Whether interpreting a local ordinance or state statute, the standard rules of statutory construction apply.[10] The primary goal in interpreting statutes is “to give effect to the legislative intent, as evidenced by the plain language, in light of the purpose the statute was meant to achieve.”[11] That necessarily includes that courts “construe statutes in a manner that renders all parts thereof relevant and meaningful.”[12]

Here, the Neighbors’ interpretation is impermissible. Both state law and the Town’s subdivision ordinances make a clear distinction between property that has been subdivided, and property that has not. However, considering the history of private property deriving title from public land-grants, as discussed, the Neighbors’ interpretation would mean that all privately owned property within the State of Utah generally, and in particular the Town of Big Water specifically, would be considered subdivided land insofar as some map or plat depicting the tracts divided off from larger public lands was recorded. As applied, such an interpretation renders the Town’s distinction of subdivided and unsubdivided parcels in its subdivision ordinance meaningless.

This is not the meaning of “subdivision” or “subdivided lands” under Utah Code, and, in turn, the Town’s subdivision ordinance. In looking to the definition of “subdivided land” that references a “recorded subdivision plat,”[13] the Neighbors overlook that “Plat” is defined as a professionally prepared map or other geographical representation of land “mad[e] and prepare[d] in accordance with Section 10-9a-603”[14]—which details plat requirements for land use approval of a subdivision under local subdivision ordinances.

A subdivision therefore does not refer to any division of land; rather, it relates to the recorded division of land as approved by a land use authority pursuant to a regulatory scheme.
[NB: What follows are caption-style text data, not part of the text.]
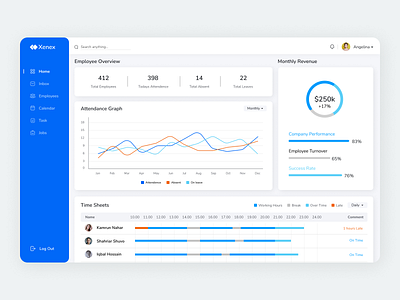 HR Management Dashboard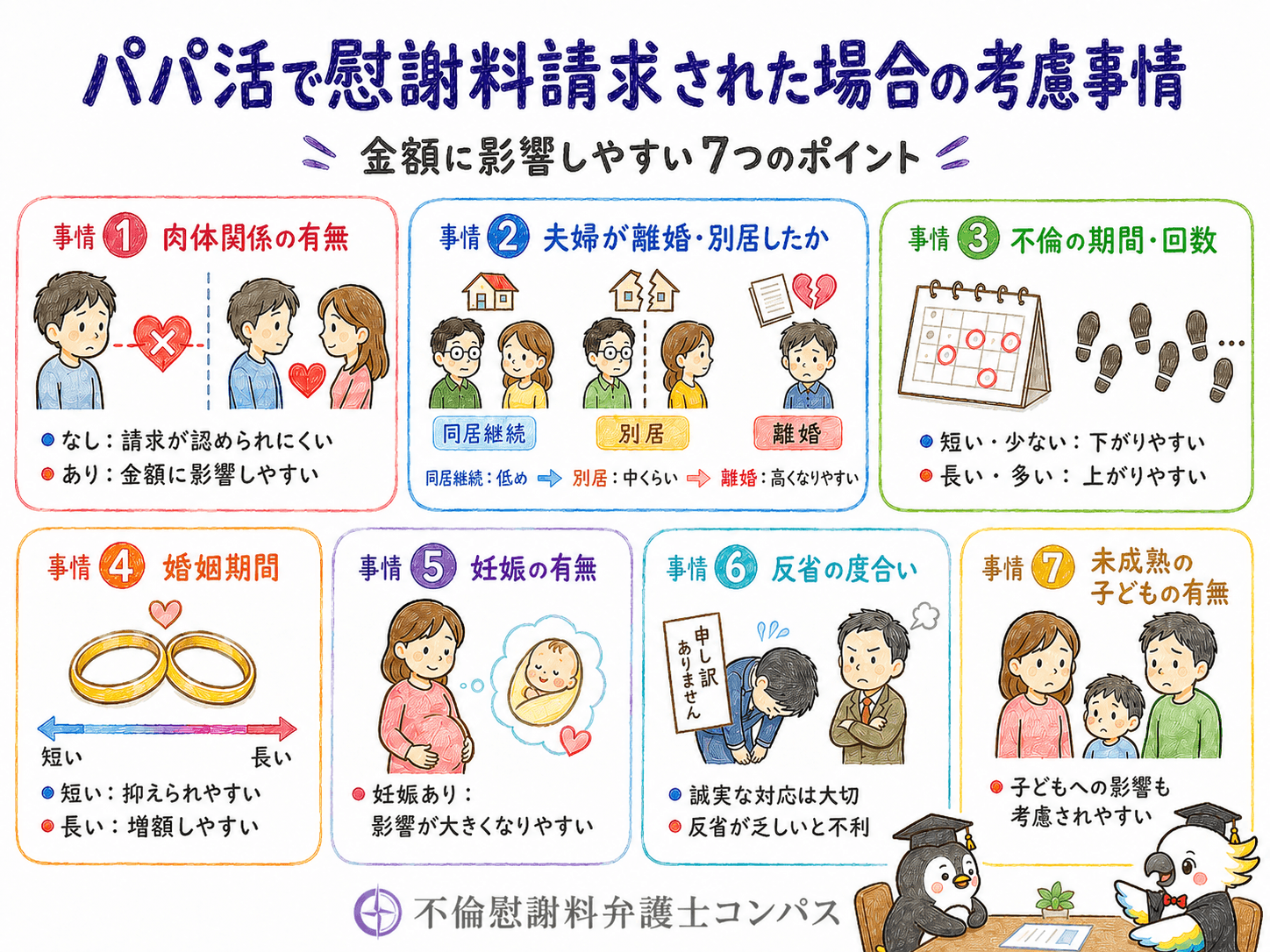 ５章　パパ活で慰謝料請求された場合の考慮事情７つ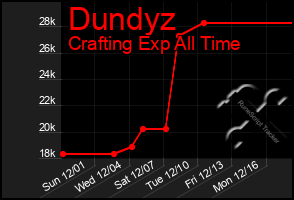 Total Graph of Dundyz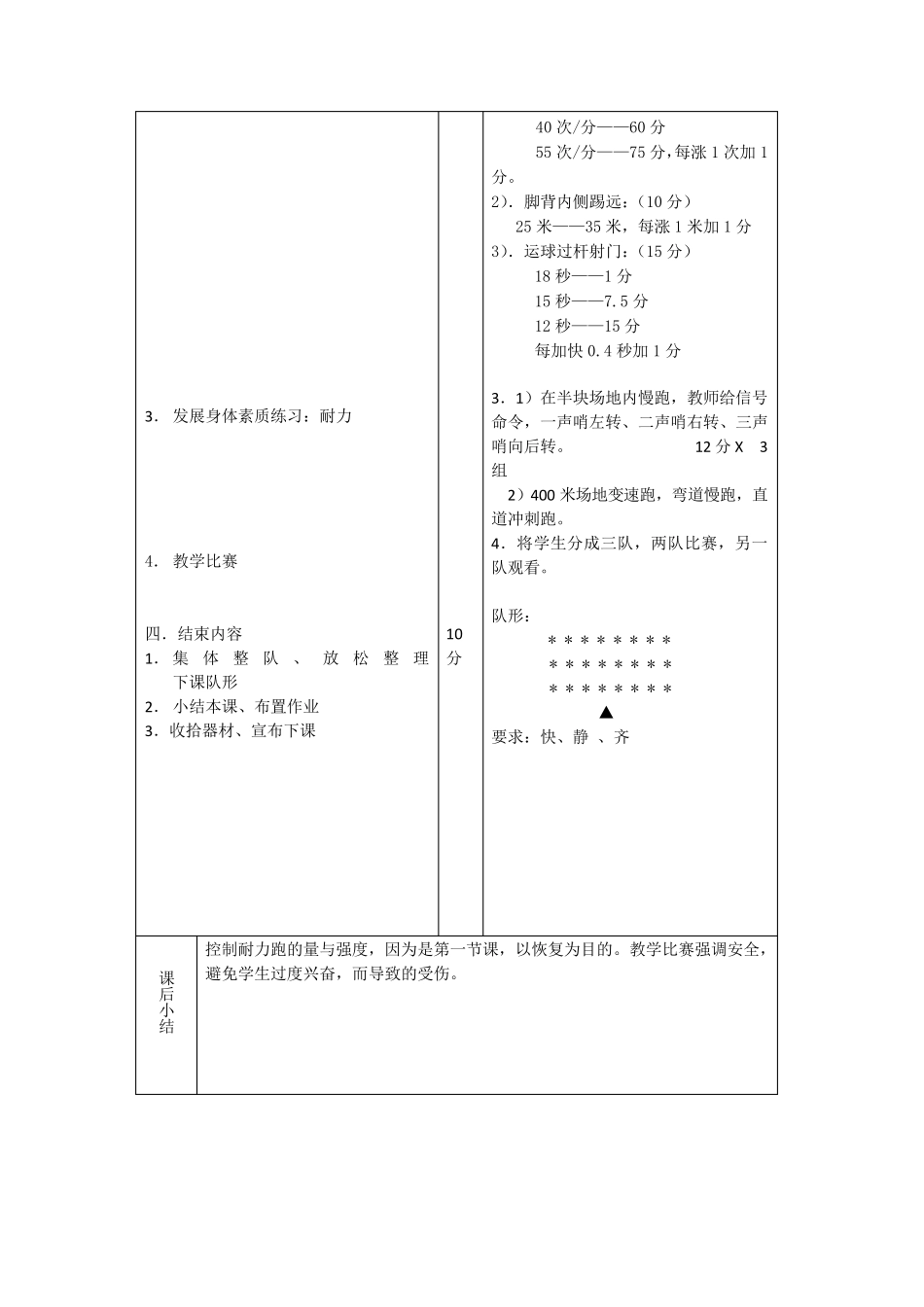 一年级足球教案_第2页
This is made even more apparent by the recent legislative changes to statutory language that clarifies some terms relevant to subdivisions.[15]
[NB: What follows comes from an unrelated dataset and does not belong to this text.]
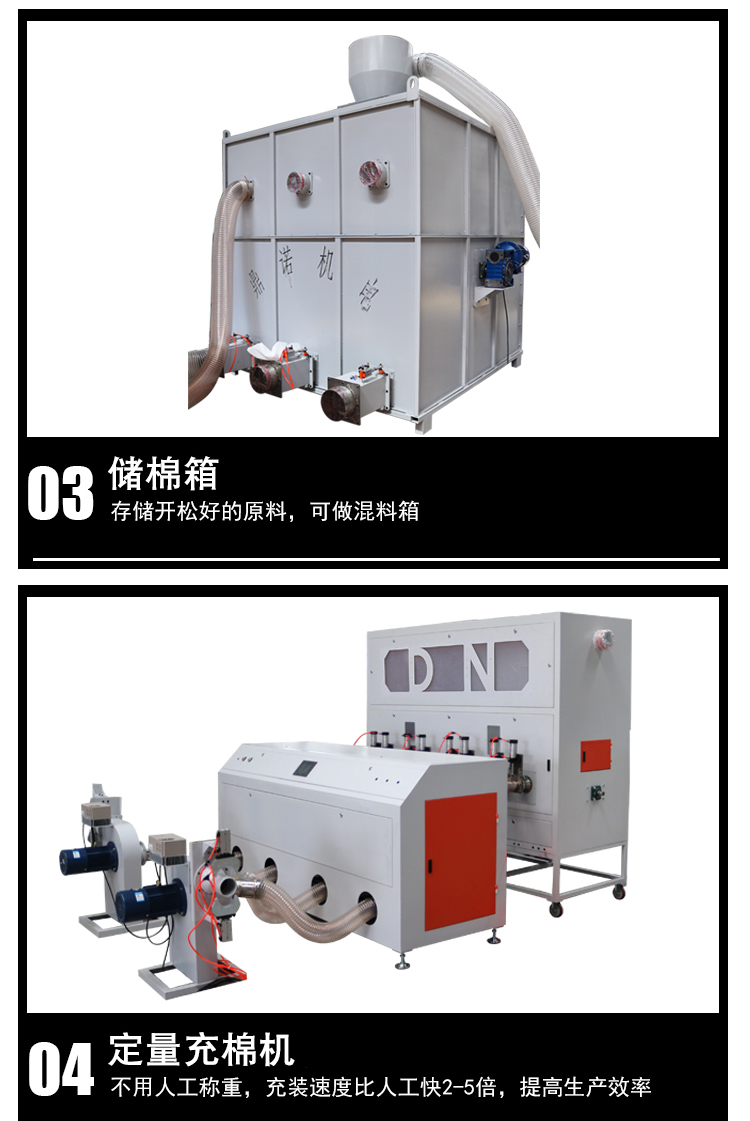 智能大克重定量充裝生產(chǎn)線(xiàn)產(chǎn)品細節4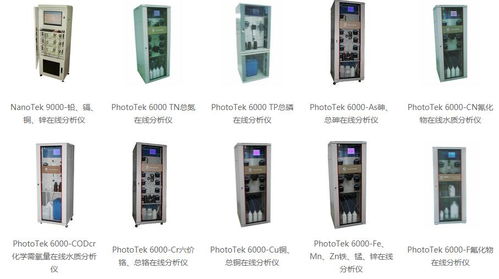 卓為環(huán)保科技簽約智邦國際erp系統(tǒng),實現(xiàn)多維度精準對賬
Here, because the BLM’s internal survey and division of land tracts for conveyance to private ownership—done years prior to the Town’s incorporation—was not made pursuant to any regulatory scheme of a local land use authority, such divisions are not considered a subdivision under Utah law. As such, approving the Crowther parcel joinder/lot consolidation did not violate the provision in Town ordinances prohibiting joinder or consolidation of subdivided lots.[16]

III.     Right-of-Way Dispute

A point of dispute on the proposed subdivision development is the accounting for existing public streets and other rights-of-way in the approval process.

Here, the Neighbors argue that Big Water’s acceptance of a subdivision plat that vacates or accepts dedication of roads and easements that interferes with the patented rights-of-way to extinguish their rights would amount to a taking. This may have arguably been a concern with the initial, withdrawn application that proposed relocating the patent rights-of-way, but the revised preliminary plat that was actually approved by the Town appears to make this point moot. While the plans only propose to improve a half-width of certain portions of the patent rights-of-way, the plat nevertheless clearly depicts and accounts for the full width of the entire portion of the rights-of-way as described in the land patents. The Neighbors’ concern with the Town’s approval as it relates to the rights-of-way is wholly limited to speculation as to some future action the Town may take in derogation of their purported easement rights—which is not ripe for consideration.  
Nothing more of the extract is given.